At the very least, they should have made the arabic numerals smaller; or simply done away with them altogether and substituted markers.

I suppose it seems useful enough, if you can figure out what all the gizmos do. Wish I'd had it back in grade school, maybe it would have helped me pass Algebra! :-d


----------



## J.D. (Aug 15, 2006)

kesharoo said:


> :-s Oh dear....in my mind fortis' forte was legibility and this is just messy and almost impossible to see what you need at a glance. At 47mm it is simply too large to wear for me.


I actually think it's Fortis' desire to keep _everything_ so darn legible that is hurting this watch--at least aesthetically speaking. Find another watch with this much going on and you'll typically see _much_ smaller numbers and markings (i.e. Breitling, Chase-Durer, etc.).
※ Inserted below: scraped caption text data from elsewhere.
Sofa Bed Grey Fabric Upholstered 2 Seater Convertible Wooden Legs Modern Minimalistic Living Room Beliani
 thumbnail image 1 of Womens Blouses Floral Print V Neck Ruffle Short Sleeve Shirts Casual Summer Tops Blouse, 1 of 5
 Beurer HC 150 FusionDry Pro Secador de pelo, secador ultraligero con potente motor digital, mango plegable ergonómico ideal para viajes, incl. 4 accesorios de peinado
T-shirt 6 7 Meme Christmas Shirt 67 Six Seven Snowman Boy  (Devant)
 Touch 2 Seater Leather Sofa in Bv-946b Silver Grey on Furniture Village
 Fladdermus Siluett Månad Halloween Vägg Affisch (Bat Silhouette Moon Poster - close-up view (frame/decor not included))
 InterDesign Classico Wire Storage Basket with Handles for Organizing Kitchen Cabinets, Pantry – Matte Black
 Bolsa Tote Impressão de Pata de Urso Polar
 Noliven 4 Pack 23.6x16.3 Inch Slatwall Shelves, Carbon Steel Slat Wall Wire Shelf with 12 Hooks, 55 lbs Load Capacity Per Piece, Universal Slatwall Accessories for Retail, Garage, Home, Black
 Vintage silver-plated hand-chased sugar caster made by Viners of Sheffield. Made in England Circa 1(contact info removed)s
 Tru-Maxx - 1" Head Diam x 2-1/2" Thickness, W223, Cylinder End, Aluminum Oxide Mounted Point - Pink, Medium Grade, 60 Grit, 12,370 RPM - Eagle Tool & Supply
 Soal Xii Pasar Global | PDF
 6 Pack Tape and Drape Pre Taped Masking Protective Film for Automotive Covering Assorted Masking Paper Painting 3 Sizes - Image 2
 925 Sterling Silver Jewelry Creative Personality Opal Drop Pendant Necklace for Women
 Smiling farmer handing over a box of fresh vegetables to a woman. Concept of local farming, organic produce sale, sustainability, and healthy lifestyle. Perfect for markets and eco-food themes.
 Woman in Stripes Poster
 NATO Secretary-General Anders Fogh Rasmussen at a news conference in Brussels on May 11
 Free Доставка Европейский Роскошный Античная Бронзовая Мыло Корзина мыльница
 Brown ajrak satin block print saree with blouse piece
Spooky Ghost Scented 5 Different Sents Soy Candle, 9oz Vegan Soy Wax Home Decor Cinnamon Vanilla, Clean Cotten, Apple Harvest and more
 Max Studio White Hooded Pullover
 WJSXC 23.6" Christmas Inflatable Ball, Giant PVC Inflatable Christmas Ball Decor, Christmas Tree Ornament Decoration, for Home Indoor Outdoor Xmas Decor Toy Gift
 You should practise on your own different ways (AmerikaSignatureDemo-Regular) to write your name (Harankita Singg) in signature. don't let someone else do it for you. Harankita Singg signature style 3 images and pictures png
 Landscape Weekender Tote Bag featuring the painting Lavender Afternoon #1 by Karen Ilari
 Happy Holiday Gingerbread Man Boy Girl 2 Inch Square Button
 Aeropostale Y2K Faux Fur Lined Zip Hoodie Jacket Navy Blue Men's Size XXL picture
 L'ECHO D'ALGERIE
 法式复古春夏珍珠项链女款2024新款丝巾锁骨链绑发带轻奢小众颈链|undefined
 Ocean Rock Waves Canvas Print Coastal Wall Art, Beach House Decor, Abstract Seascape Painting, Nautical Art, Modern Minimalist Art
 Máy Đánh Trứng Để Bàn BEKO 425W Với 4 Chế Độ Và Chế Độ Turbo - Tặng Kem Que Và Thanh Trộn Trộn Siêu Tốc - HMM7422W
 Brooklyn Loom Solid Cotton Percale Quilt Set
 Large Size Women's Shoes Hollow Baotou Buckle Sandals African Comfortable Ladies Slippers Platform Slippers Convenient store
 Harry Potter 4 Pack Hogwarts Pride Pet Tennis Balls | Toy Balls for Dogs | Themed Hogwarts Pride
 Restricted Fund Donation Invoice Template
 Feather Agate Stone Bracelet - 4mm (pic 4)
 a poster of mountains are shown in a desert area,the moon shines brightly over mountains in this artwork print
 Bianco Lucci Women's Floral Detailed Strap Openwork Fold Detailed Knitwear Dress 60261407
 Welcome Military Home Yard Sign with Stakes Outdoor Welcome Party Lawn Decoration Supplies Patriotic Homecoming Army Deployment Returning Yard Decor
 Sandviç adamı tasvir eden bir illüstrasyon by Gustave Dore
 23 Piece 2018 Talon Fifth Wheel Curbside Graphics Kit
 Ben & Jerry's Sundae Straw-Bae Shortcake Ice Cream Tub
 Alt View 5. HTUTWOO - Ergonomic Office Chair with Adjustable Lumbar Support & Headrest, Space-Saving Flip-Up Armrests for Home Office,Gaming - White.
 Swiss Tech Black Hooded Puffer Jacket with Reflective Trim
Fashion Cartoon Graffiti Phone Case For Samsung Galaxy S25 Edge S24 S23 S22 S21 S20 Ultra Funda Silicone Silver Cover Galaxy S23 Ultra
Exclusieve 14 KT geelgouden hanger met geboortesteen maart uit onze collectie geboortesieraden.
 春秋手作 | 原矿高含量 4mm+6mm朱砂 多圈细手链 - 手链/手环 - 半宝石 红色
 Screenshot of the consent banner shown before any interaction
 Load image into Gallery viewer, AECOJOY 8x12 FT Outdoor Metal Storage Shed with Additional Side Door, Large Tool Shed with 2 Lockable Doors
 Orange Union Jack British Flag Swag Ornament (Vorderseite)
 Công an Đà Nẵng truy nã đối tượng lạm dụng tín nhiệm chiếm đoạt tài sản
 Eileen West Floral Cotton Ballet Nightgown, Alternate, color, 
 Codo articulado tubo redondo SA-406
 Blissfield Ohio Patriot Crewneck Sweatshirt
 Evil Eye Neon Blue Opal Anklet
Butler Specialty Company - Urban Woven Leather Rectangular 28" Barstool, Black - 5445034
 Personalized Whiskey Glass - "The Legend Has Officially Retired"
With this model, all the numerals have been kept large enough to read from a distance; yet in doing so, Fortis has cluttered the watch with ring upon ring, in turn shrinking the dial down to nothing.

If I truly needed a watch with these functions, I'd actually consider it, even if I wasn't a Fortis fan. It ain't pretty, but I feel like it's a true tool watch; useful almost to a fault.


----------



## Dimitris (Jul 3, 2007)

The Calculator reminds me the vintage model Easy-Math.



But it looks to me as a bad replica of the vintage model.

Regards
Dimitris


----------



## caseyrock (Aug 22, 2008)

dohmer said:


> Found this on the new Fortis-watch.com website!
> Looking good!
> 
> 
> ...


 *Cool watch for 2009..* quite the same with heuer calculator and seiko calculator.
Can keep it as a collection in my watches|>


----------



## Jesus G (Oct 16, 2008)

It´s too big.I prefer the new Strato Liner.


----------